• [YOUR GOAL]: Your response should be a copy of each line in the listing below that includes the word "Chapter".

• [EXTRACTED ENTRIES]:

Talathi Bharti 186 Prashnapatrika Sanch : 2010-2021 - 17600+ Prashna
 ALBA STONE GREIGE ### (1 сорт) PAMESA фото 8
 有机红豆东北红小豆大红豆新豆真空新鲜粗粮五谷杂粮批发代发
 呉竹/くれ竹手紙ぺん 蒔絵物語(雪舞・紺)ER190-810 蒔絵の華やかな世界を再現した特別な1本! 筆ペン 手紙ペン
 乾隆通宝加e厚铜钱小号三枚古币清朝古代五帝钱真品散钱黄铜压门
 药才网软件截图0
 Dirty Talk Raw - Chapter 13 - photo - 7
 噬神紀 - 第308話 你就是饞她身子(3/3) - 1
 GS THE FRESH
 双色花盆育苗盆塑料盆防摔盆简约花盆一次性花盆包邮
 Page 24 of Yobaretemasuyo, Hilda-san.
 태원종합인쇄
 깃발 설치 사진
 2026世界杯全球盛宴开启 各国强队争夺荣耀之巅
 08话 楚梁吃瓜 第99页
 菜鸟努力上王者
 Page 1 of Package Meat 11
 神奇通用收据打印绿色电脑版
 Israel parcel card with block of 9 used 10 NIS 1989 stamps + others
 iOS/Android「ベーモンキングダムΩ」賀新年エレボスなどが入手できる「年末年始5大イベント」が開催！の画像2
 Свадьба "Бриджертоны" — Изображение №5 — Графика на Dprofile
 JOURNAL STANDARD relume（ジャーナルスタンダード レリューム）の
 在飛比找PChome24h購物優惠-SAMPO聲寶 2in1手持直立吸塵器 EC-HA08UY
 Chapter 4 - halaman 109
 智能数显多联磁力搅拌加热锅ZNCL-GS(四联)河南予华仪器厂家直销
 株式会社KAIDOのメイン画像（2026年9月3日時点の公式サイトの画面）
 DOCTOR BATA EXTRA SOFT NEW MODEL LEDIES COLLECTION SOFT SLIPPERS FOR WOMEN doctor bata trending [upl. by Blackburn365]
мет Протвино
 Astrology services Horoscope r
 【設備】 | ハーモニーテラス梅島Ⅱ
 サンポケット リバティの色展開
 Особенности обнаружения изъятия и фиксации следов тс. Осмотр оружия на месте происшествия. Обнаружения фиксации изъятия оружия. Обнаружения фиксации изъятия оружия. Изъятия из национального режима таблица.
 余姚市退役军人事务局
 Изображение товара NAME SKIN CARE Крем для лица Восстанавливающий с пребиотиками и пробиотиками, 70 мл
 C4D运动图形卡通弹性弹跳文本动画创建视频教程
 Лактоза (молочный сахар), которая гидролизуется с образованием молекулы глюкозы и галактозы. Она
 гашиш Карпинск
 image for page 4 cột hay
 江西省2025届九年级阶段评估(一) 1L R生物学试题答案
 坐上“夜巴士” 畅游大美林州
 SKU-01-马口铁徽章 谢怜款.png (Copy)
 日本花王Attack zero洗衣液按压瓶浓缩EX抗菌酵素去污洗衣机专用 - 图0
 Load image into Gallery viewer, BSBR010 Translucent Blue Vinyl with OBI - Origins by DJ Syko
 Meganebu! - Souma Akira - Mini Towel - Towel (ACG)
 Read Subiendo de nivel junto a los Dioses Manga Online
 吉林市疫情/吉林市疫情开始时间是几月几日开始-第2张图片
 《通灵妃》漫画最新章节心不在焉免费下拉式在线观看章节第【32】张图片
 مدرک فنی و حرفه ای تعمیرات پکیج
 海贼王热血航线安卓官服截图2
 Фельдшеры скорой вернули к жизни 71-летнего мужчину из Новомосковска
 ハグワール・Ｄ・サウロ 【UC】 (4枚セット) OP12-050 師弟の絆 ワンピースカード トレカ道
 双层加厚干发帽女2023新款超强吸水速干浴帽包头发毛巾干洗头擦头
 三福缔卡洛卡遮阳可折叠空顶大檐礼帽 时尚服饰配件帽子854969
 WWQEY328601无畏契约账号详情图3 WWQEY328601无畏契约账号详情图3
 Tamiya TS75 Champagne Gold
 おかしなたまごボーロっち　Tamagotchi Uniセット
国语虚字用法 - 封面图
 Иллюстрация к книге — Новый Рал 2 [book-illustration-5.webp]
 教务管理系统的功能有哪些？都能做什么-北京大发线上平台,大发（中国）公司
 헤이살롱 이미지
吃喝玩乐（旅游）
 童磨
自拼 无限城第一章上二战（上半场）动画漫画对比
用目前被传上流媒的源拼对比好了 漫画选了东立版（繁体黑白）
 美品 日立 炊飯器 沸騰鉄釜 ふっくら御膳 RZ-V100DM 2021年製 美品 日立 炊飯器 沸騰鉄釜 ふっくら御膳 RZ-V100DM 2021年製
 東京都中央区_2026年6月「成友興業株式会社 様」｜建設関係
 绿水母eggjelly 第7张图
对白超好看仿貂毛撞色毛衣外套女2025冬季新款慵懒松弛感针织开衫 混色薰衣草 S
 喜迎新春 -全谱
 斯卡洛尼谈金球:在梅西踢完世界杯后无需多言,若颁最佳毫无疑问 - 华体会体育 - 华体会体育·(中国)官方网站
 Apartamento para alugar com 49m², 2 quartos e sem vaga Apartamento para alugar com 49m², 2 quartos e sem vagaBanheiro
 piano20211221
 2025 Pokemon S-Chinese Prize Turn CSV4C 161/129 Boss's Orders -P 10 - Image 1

• [EXERCISE SOLUTION]:
 Dirty Talk Raw - Chapter 13 - photo - 7
 Chapter 4 - halaman 109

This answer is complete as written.